Because the full study was not yet available, Navsaria could not speak to the reported intelligence boost. But he pointed to many other benefits children receive when someone reads to them.
Their vocabularies tend to be larger. They are more familiar with books and how books work. They also have broader knowledge about the world around them, he said.
“The key driver is actually not so much just the book itself, so no one should think, well, we just need to throw more books at children. The key driver is actually the parent or caregiver interaction,” Navsaria said.
When an adult shares a book with a toddler, for example, the experience has to be more interactive to hold their interest, he pointed out.

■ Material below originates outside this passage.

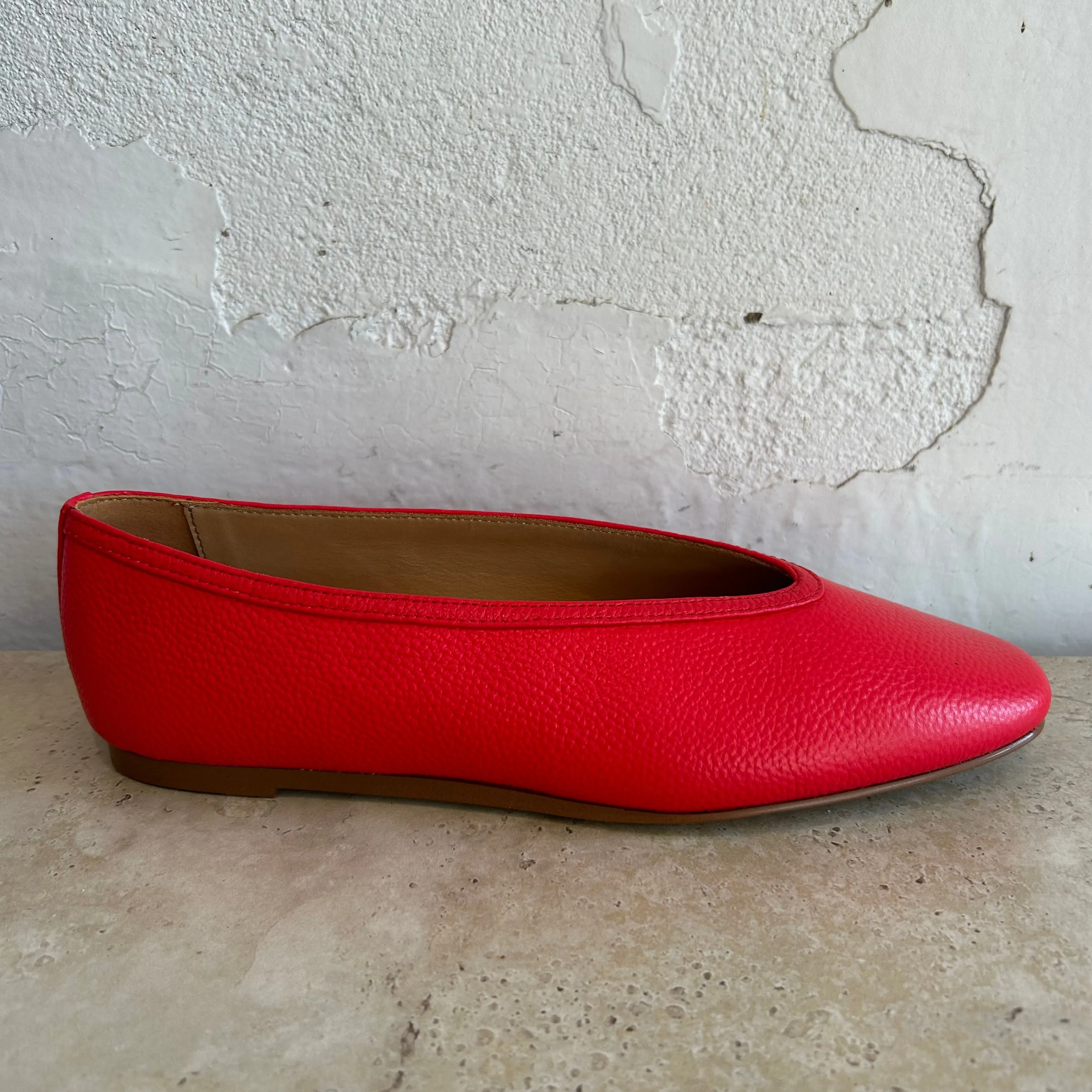 Rollie Ballet V Flats Red Tumble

“You find that there’s all these opportunities for interaction with that adult, that back and forth dance almost, the conversation, the pointing at things, the listening, talking about stories, all those things that the book helps scaffold that is actually the key driver of development,” Navsaria said.
Some kids who are old enough to read do also struggle with decoding text, even if they’ve been read to from an earlier age, he noted. Decoding is the process of translating printed words into speech. Those kids may shy away from reading because it is so much work, Navsaria said.
“Reading aloud, much like audiobooks in some ways, takes away the work of the visual decoding of text and allows them to still enjoy the language, the narrative, the vocabulary, all the elements of things, wonderful things that books bring us, but they do it while taking away that decoding part that, again, for some children is hard,” he explained.
Reading to children can benefit them at all ages, according to Reach Out and Read, a group that Navsaria is involved with. Some families may feel that once their child reads fluently, about third grade, they no longer need to be read to aloud.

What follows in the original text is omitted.